> **Stored data**:
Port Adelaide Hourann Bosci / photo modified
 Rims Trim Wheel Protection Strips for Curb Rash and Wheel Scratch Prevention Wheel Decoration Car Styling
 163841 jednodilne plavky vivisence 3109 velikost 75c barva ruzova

> **The task**: Reproduce the listing above line for line, exactly.

> **Response area**:
Port Adelaide Hourann Bosci / photo modified
 Rims Trim Wheel Protection Strips for Curb Rash and Wheel Scratch Prevention Wheel Decoration Car Styling
 163841 jednodilne plavky vivisence 3109 velikost 75c barva ruzova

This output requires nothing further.